- **Information shown**

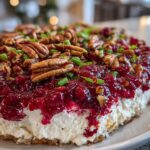 Close-up of a layered cranberry cream cheese dip topped with whole pecans and chopped green onions.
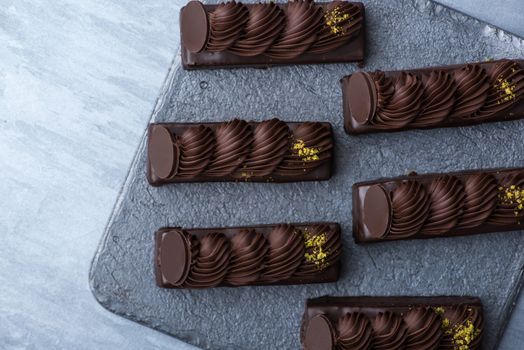 appetizing cake on a black plate, top view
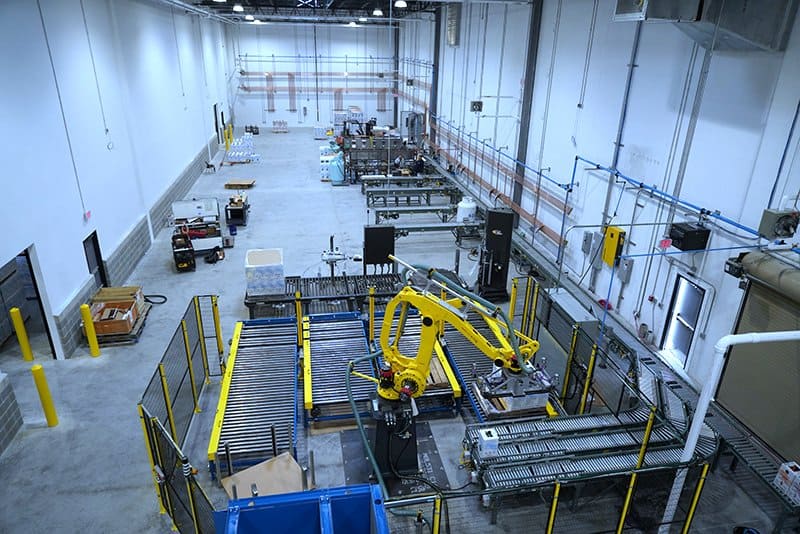 Robotic Carton Palletizing System including Fanuc M410iB/140H palletizing robot with indeed from Hytrol EZ Logic 24 volt zero pressure accumulation conveyor and Hytrol 138 ACC powered accumulating roller conveyor. Alba pallet dispenser, Alba CDLR pallet conveyor and Alba 3 strand chain transfer conveyor used to send palletized load to Wulftec WCA Smart stretch wrapper.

- **Work request**
A word-for-word copy of the lines from the start of the listing through the line containing "appetizing cake on a black plate, top view" is the answer. Pictures stay out of it.

- **Reply to the task**
 Close-up of a layered cranberry cream cheese dip topped with whole pecans and chopped green onions.
 appetizing cake on a black plate, top view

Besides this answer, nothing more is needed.